For my views on open standards in Government see the paper I prepared for Linux Australia.

iiNet and the Sinking of the NBN?

iiNet and the Sinking of the NBN?

There is a major problem with the recent report into the NBN, and, indeed, with all costings for the NBN that I  have seen.  They all ignore a major risk – regulatory risk.  Or, to be more specific, the impact of further changes to the Copyright Act.  There are currently a couple of proposals on the cards which will have a substantial effect on ISPs’ businesses.  The proposals are: ISP liability and the creation of a three strikes scheme for terminating copyright infringers’ internet access.

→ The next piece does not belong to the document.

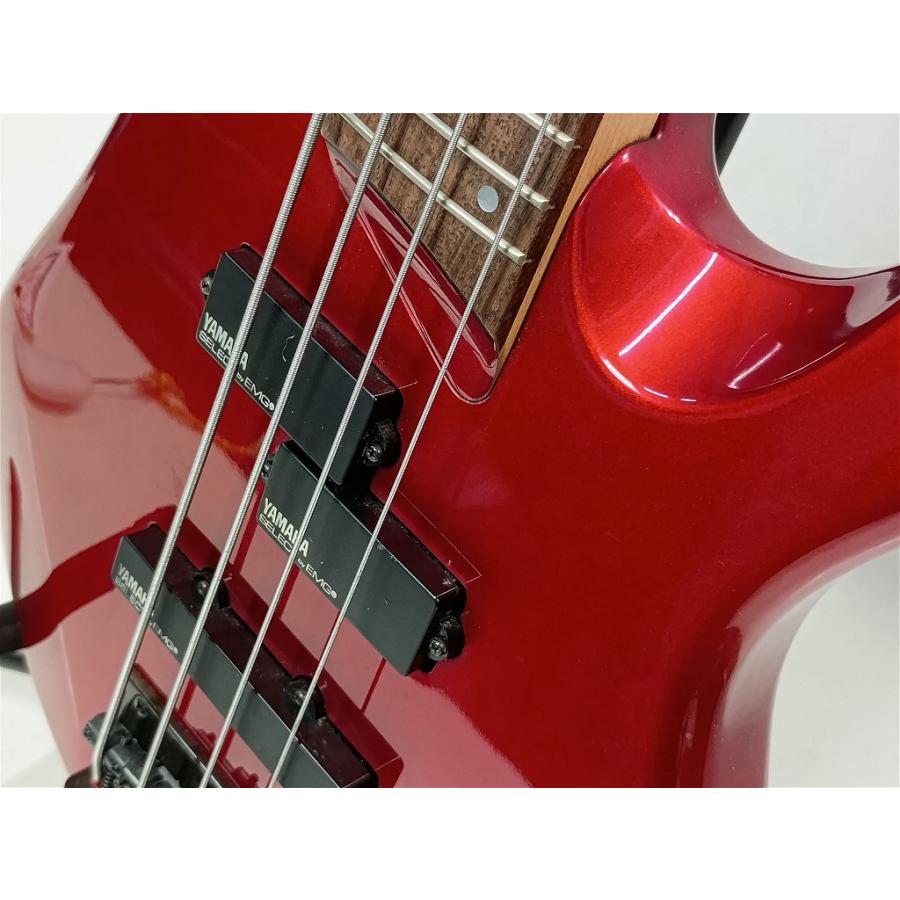 ヤマハ YAMAHA RBX : ワットマン Yahoo!ショッピング店 - 通販 - Yahoo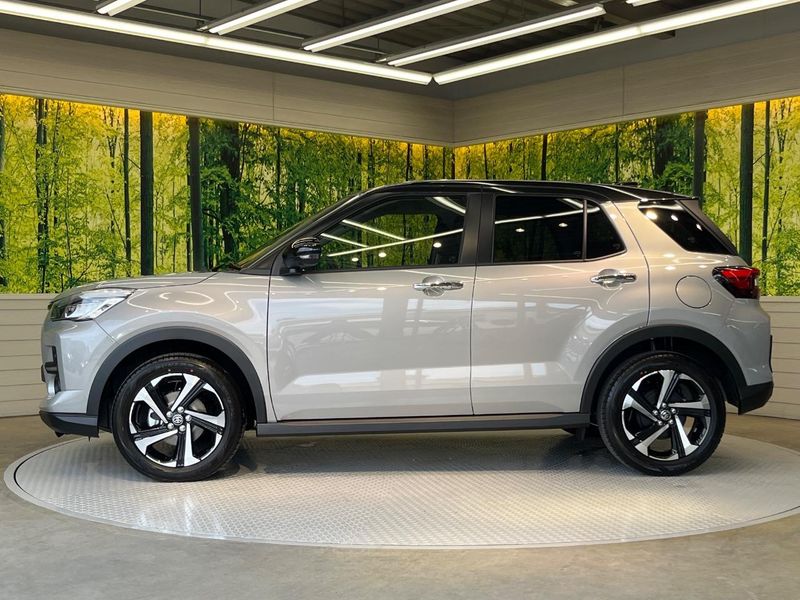 2026 Toyota Raize 5AA-A202A (UW-6a87bfc199afe)[12]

Liability for Innocent ISPs

In a recent case in the Federal Court, a variety of copyright interests ran the argument that innocent ISPs should be liable when their customers infringe copyright (otherwise known as the iiNet case).  The argument went that if a copyright litigant had sent enough notices to an innocent ISP over time alleging that its customers were infringing copyright and they don’t stop it well then, that was enough for the ISP to be liable.   Sort of like the RTA (ie traffic authority) telling the operator of the M4 (a toll road in Sydney) that cars using it are speeding.  If it happens enough, the argument seems to be, then the operator of the M4 ought to be liable.  Under Australian copyright law this argument is not as ridiculous as it ought to be – the University of NSW was found liable for copyright infringement by students because it put a photocopier in a library in the 1970s.  In the 90s, Telstra, a local telco, was found liable because its customers played music on hold over its network…

Nonetheless, the court at first instance downed the argument (quite extensively in fact).   That decision is now on appeal and whatever the outcome it will likely go to the High Court.    In the end ISPs will be held liable (see below).

This will either mean that ISPs will have to implement something like a three strikes arrangement as a “reasonable measure” to prevent infringement (see next section) or they will need to charge extra to pay off ‘the industry’.   How a pay off would be costed is hard to say, but presumably it would be similar to how cable TV is priced at the moment (perhaps less per person if the cost of infringers is amortised over the whole user base) – FetchTV’s pricing, once available, may give some indication (rumours are it is around $30 per month).   This will add a substantial component to the price of a month’s broadband access (guess = on the order of 20-30%).  In addition there is the possibility that an enormous pipe brings with it greatly increased infringement and therefore an even higher copyright tax.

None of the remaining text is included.